"large" IN/NOT IN subqueries result in query returning wrong data

From: "George Pavlov" <gpavlov(at)mynewplace(dot)com>
To: <pgsql-sql(at)postgresql(dot)org>
Subject: "large" IN/NOT IN subqueries result in query returning wrong data
Date: 2005-12-27 19:41:33
Message-ID: CCB89282FCE1024EA3DCE687A96A5164039EBD13@ehost010-6.exch010.intermedia.net
Views: Raw Message | Whole Thread | Download mbox | Resend email
Thread:
Lists: pgsql-sql

The following looks like a bug to me, but please someone review and tell
me what I might be missing. Seems that past a certain result set size a
"[NOT] IN (subquery)" stops behaving as expected and returns 0 matches
even when there should be matches. No errors are returned, just faulty
data.

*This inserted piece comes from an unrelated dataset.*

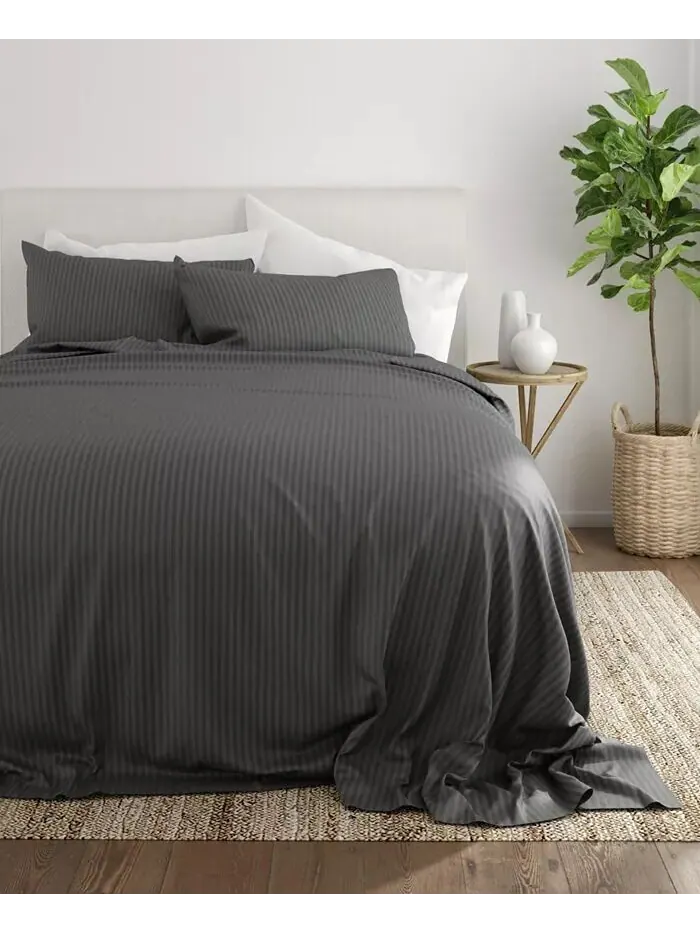 Наборы постельного белья в полоску из 4 предметов с тиснением The Home Collection ienjoy Home — изображение 2 из 11, серый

The exact threshholds seem to depend on the data, subquery and
possibly the indexes in place. Nothing in the documentation mentions a
limit to what "IN subquery" can take so I am quite dismayed (if there is
a limit I would expect an ERROR/WARNING/something, but not wrong data).
Read below for details. This has been tried on PG 8.0.4 and 8.1.1 on
WinXP, and 8.0.4 and 8.0.5 on Linux.

I have two tables:
t1 (id, name, a_type)
t2 (id, name)

The t1 table is "big" (483211 rows), the name column contains
duplicates, the a_type has only two values. The t2 table is "small" (40
rows), the name values are unique. Some, but not all, t2.name values are
present in t1.name. To be precise, there are 10 t2.name values that do
not occur in t1.name (this is based on extraneous knowledge). I want to
find out which of the t2.name values are not ever used in t1.name:

select count(*) from t2 where t2.name not in (
select t1.name from t1);
--> 0

This should return 10, instead it returns 0!!! Adding a LIMIT to the
subquery and doing some trial and error produces very interesting
results:

select count(*) from t2 where t2.name not in (
select t1.name from t1 limit 261683)
--> 13
select count(*) from t2 where t2.name not in (
select t1.name from t1 limit 261684)
--> 0

What is so magical about 261683? The JOIN alternative produces the
correct results no matter what:

select count(*)
from t2 left join t1 using (name)
where t1.name is null
--> 10

This pretty much summarizes the issue. Any thoughts greatly appreciated.
Follow a few variations to show how the threshhold varies.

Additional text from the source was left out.